Several tenants at the Webster
Several tenants at the Webster's Corner Business Park have posted signs on their back doors to ward off thieves looking to steal marijuana.
— image credit: Colleen Flanagan/The News

Tenants of a business park in east Maple Ridge allege the property is home to several illegal marijuana grow operations that have failed to be dismantled despite repeated complaints.

Located at the end of 256th Street, past the Fraser Regional Correctional Centre, the Webster’s Corner Business Park backs onto thick forest and is far from homes.

On some days, said a man who owns a unit in the park, the smell of marijuana permeates the entire property.

On Wednesday, the skunky scent of fresh marijuana hung in the air, as corrections officers took a lunch hour walk past the property.

“It’s bothersome,” said the man, who asked to remain anonymous. “These are not thriving businesses. They are thriving grow operations. We stare at it every single day. Yeah, I’m afraid.”
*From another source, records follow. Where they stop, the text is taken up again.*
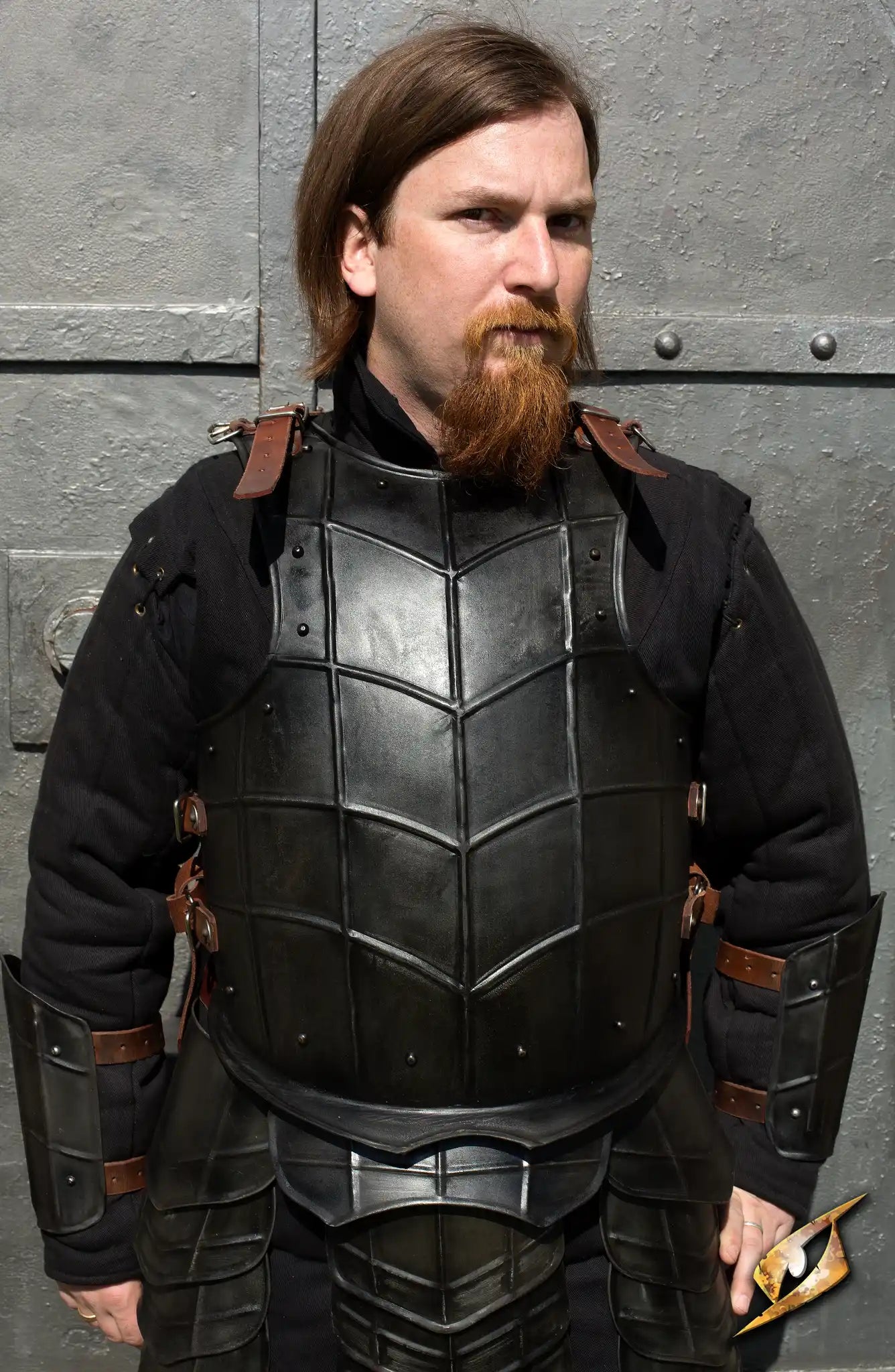 Breast Plate Dark Drake worn by a man, showcasing its sculpted armor design with reptilian scales.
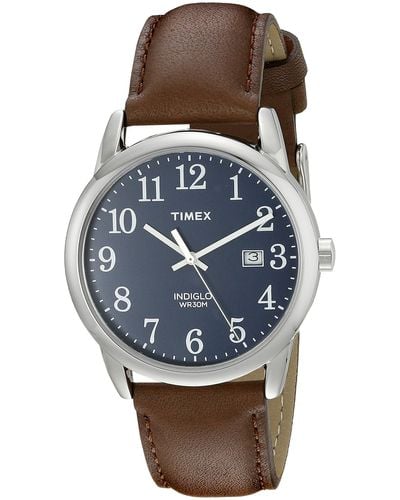 Timex Tone Case Blue Dial With Brown Leather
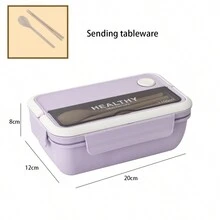 1pc Plastic Compartment Bento Lunch Box, Microwavable, Portable Adult Student Lunch Container With Utensils, 1100ml - Multicolor - View 6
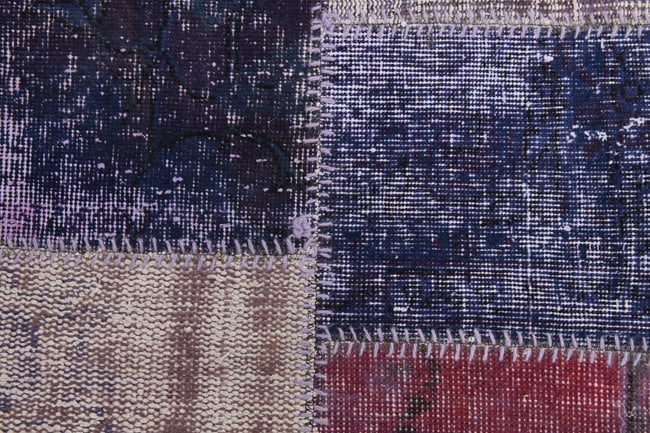 7'0'' x 9'11'' Handmade Vintage Wool Patchwork Rug - 367 - 9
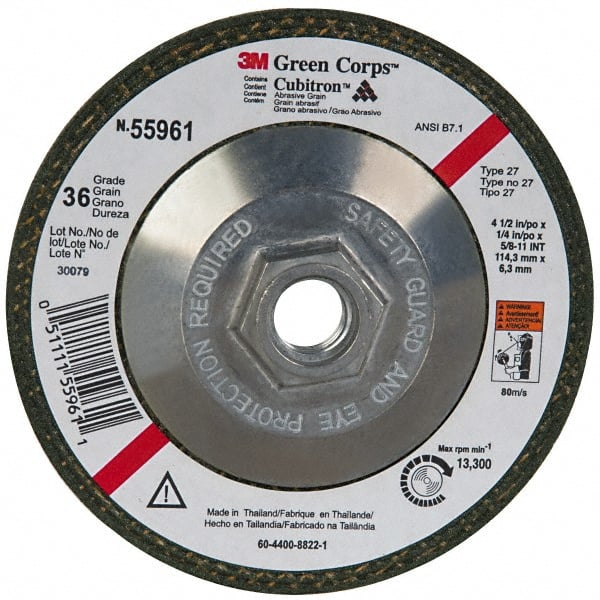 3M - 36 Grit, 4-1/2" Wheel Diam, 1/4" Wheel Thickness, Type 27 Depressed Center Wheel - Ceramic, 13,300 Max RPM, Compatible with Angle Grinder - Exact Tooling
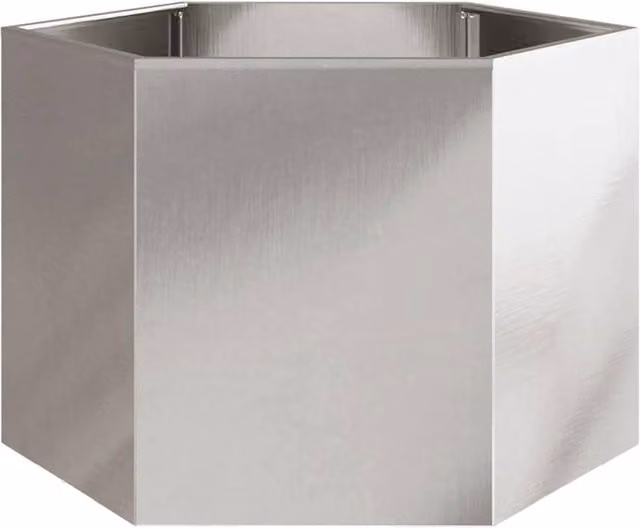 Berkfield Home Hexagon Garden Planter Tub in Silver Stainless Steel, W: 69 cm, D: 60 cm, H: 45 cm – 1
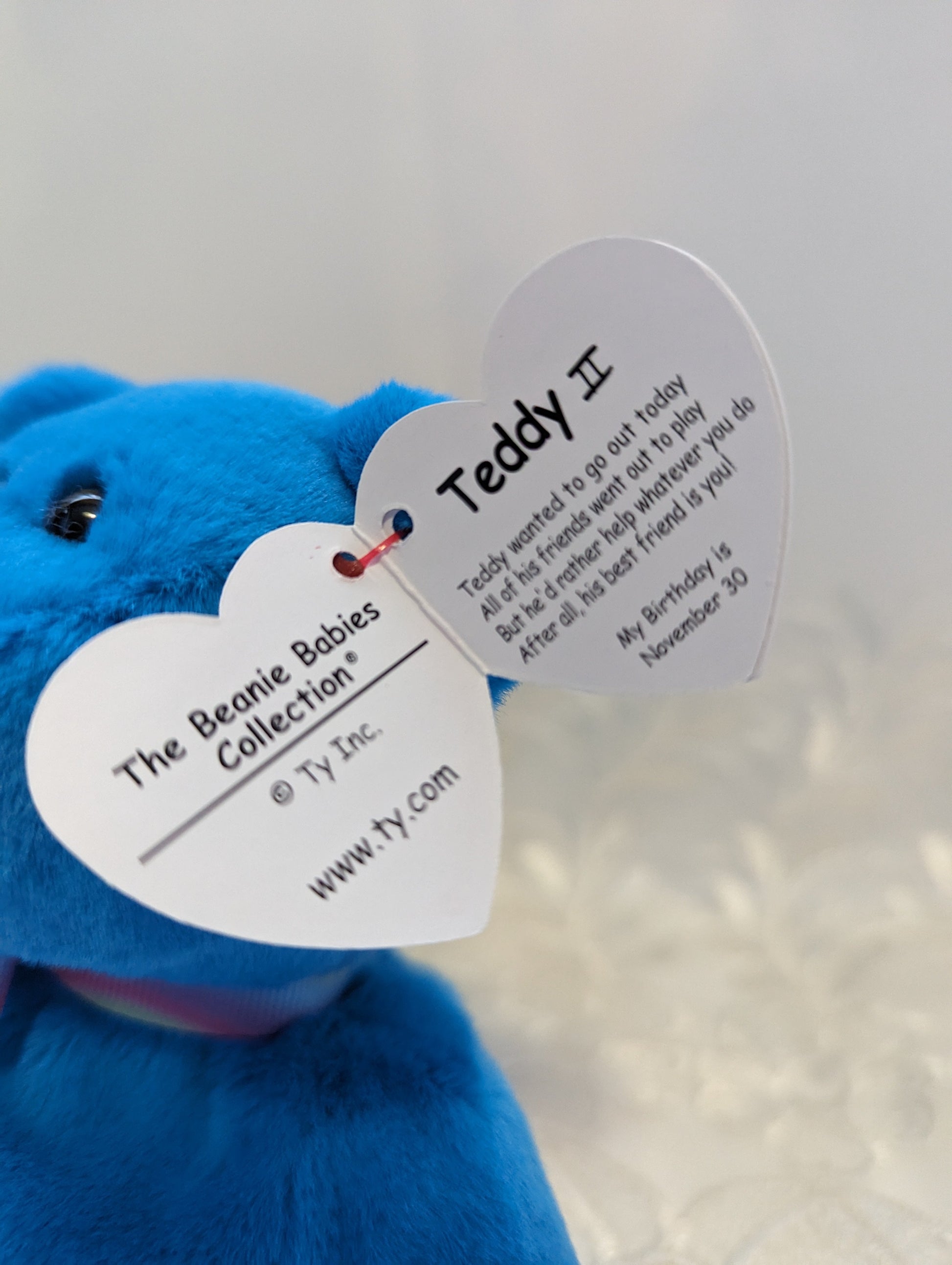 Ty Beanie Baby - Teddy II The Blue Teddy Bear (8in) 30th Anniversary - Vintage Beanies Canada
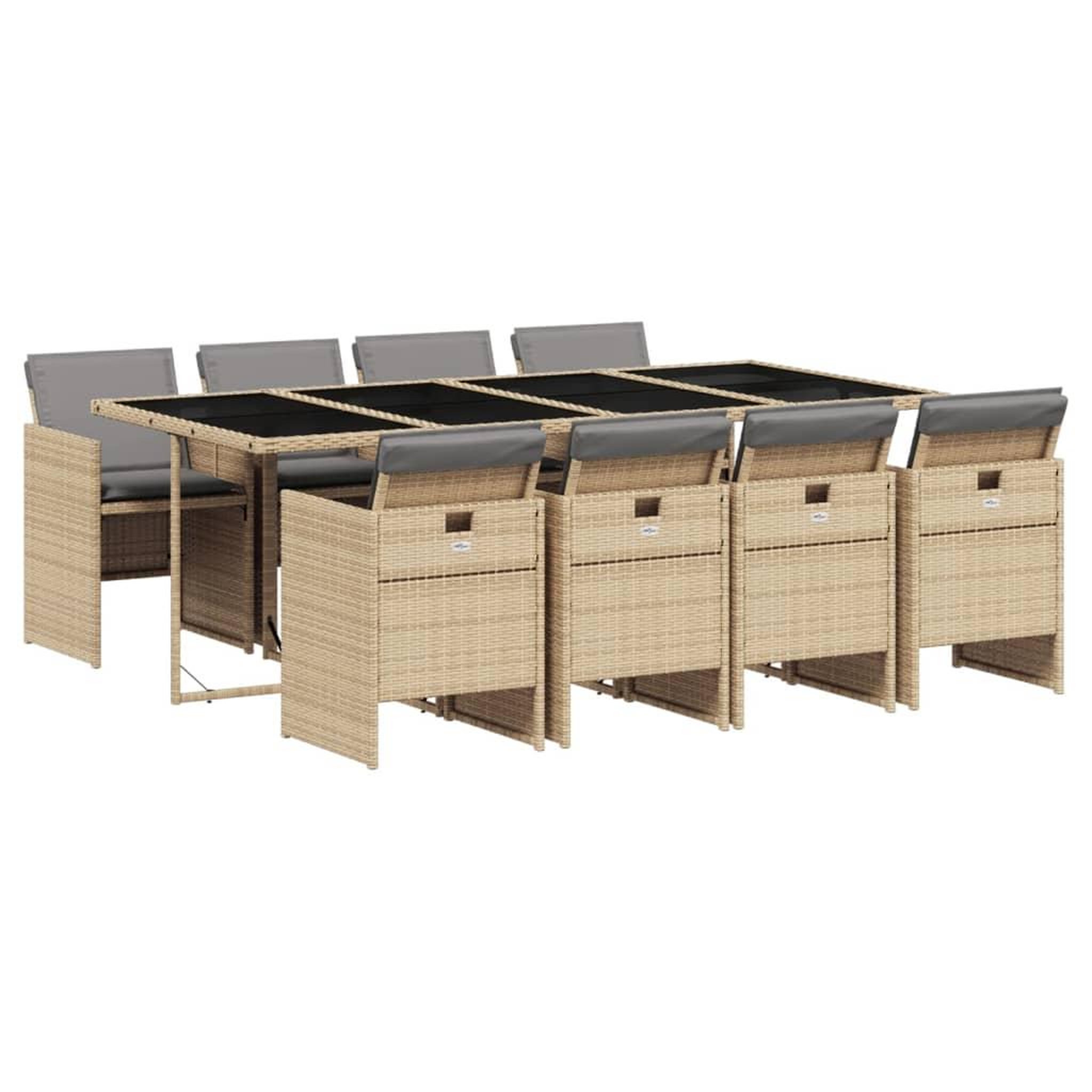 Voir la diapositive 2 : VIDAXL Ensemble a manger de jardin et coussins 9 pcs melange beige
He claims a car has been shot at on the property, an incident that went unreported to police, and several of the supposed grow operations have been broken into.

The grow-rips and break-ins have prompted some tenants to stick signs on their back doors indicating there is “no dope here.”

Another owner, who also requested anonymity for fear of intimidation, remains concerned for his safety and the structural damage being done to the units by the pot growers that could eventually affect strata fees. “This is affecting my business,” he said.

“We’ve complained, but nothing ever happens.”

Police, though, have dismantled grow ops on the property before and encourage owners to come forward with information that could lead to busting several more.

On Feb. 22 this year, the Ridge Meadows RCMP executed two search warrants on the complex and seized more than 1,000 plants.

A year earlier, on Feb. 12, 2010, they targeted two different units.

One held two cargo trailers, which contained 500 plants. The other unit held close to 1,000 plants.

Phil Cooper, a strata manager who owns several units in the business park, said district bylaw officials and the fire department are also in the process of conducting inspections in each of the units.

The municipality will be making sure every tenant has a business license for the premise and will be looking for electrical, as well as building infractions.

“I’m going to let fire and bylaws deal with it,” said Cooper, adding that the Webster’s Corner Business Park isn’t the only industrial complex plagued by allegations of grow operations.

He hopes the inspections prompt the pot growers to take their crops elsewhere.